§ **INFORMATION SHOWN**:
▬▬▬

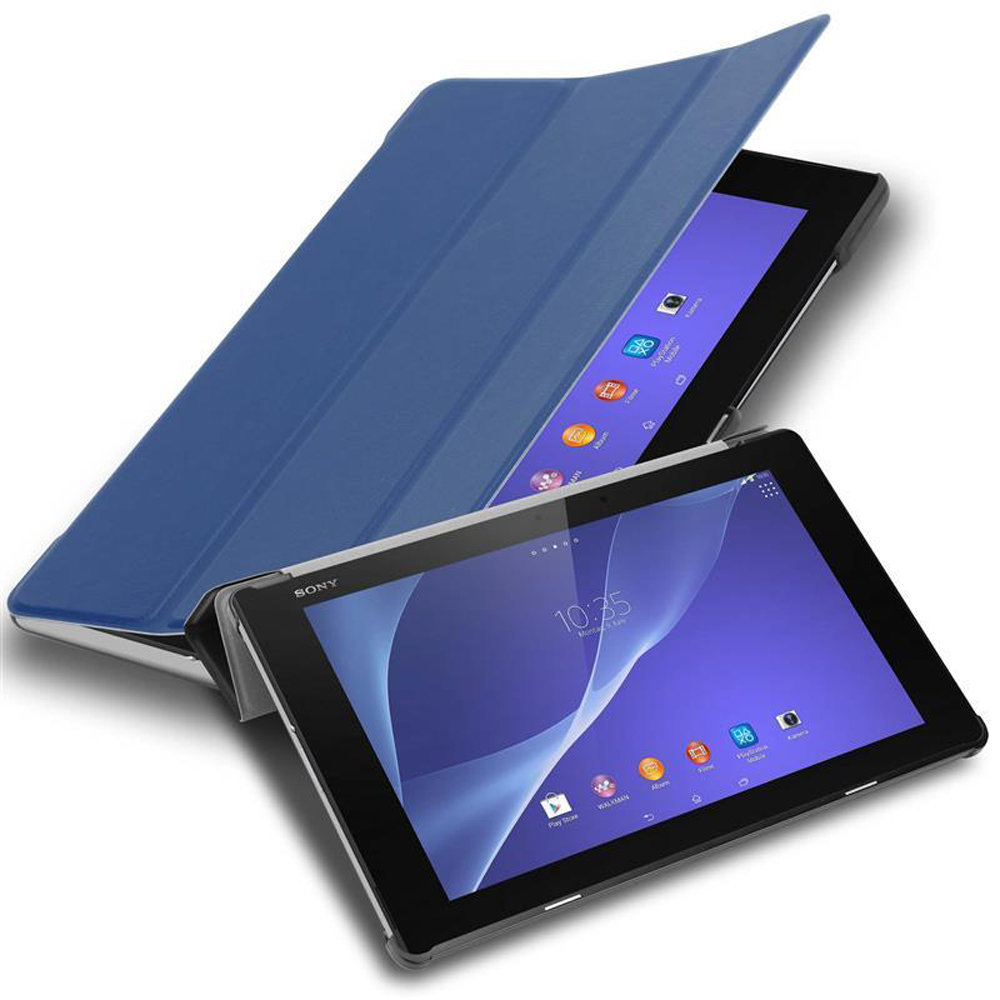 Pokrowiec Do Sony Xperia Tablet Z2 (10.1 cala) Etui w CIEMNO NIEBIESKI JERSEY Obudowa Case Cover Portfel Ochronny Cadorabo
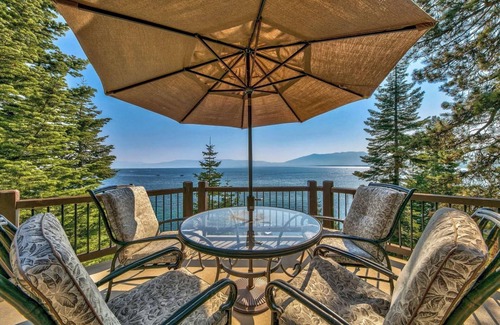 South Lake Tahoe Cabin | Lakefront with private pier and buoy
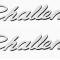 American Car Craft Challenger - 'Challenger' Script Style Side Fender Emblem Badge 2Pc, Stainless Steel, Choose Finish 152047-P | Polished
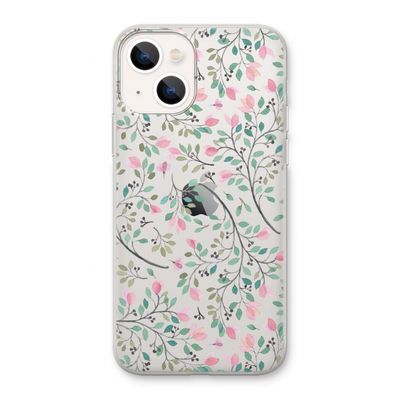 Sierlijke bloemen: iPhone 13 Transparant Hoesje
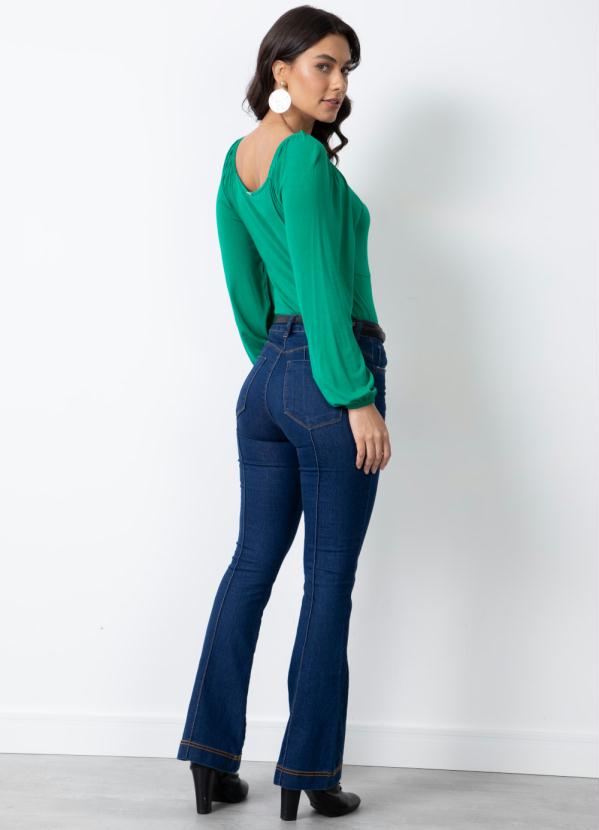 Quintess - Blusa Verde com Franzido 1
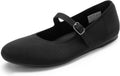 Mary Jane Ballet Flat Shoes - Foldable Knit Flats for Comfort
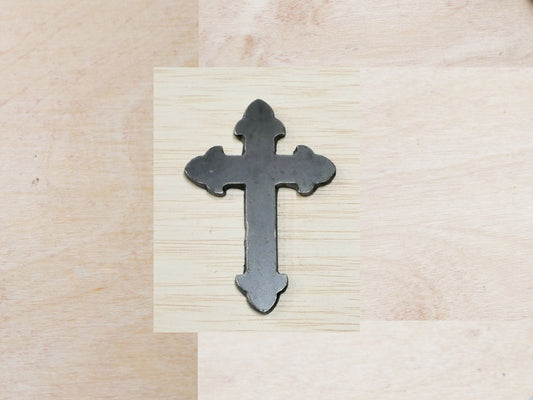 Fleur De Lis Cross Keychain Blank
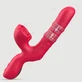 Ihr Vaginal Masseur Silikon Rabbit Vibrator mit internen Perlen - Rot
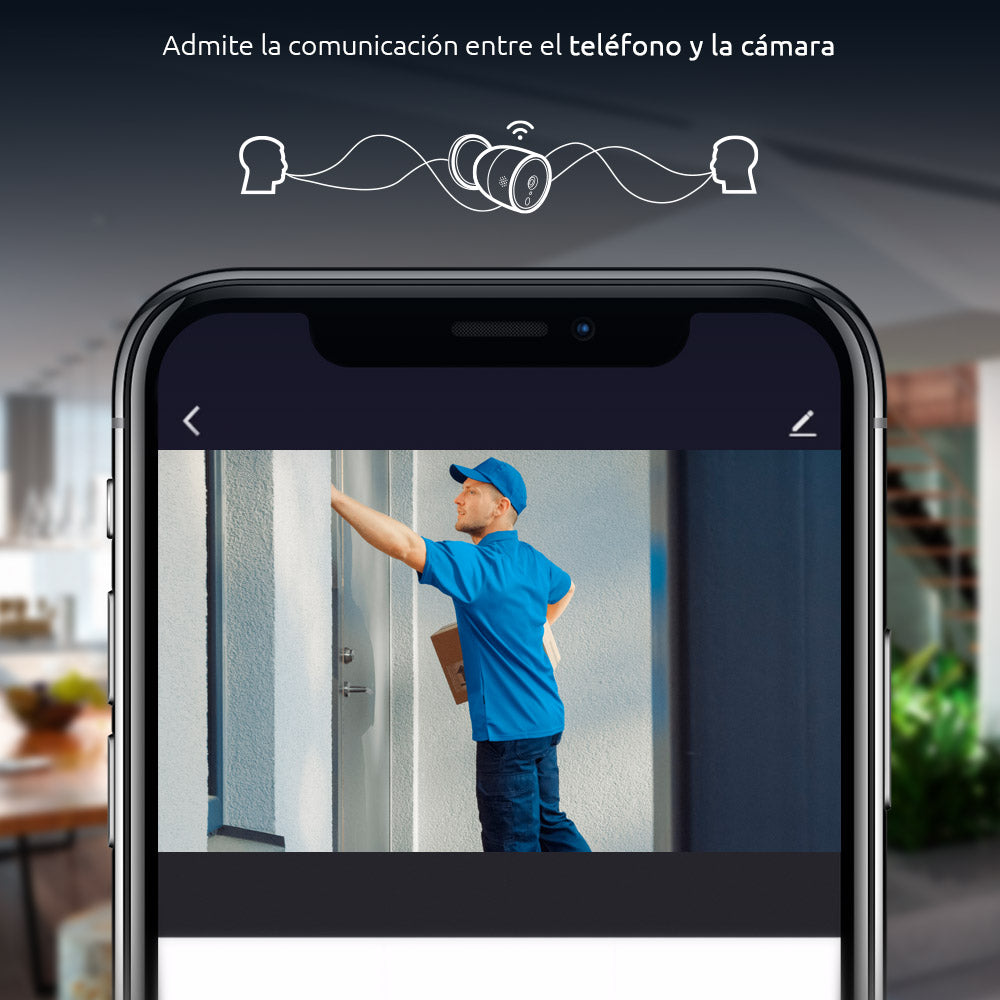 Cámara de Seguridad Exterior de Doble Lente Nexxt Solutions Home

▬▬▬

§ **ACTIVITY**: Without carrying over any picture, retype the records above word for word.

§ **ANSWER TO THIS TASK**:
 Pokrowiec Do Sony Xperia Tablet Z2 (10.1 cala) Etui w CIEMNO NIEBIESKI JERSEY Obudowa Case Cover Portfel Ochronny Cadorabo
 South Lake Tahoe Cabin | Lakefront with private pier and buoy
 American Car Craft Challenger - 'Challenger' Script Style Side Fender Emblem Badge 2Pc, Stainless Steel, Choose Finish 152047-P | Polished
 Sierlijke bloemen: iPhone 13 Transparant Hoesje
 Quintess - Blusa Verde com Franzido 1
 Mary Jane Ballet Flat Shoes - Foldable Knit Flats for Comfort
 Fleur De Lis Cross Keychain Blank
 Ihr Vaginal Masseur Silikon Rabbit Vibrator mit internen Perlen - Rot
 Cámara de Seguridad Exterior de Doble Lente Nexxt Solutions Home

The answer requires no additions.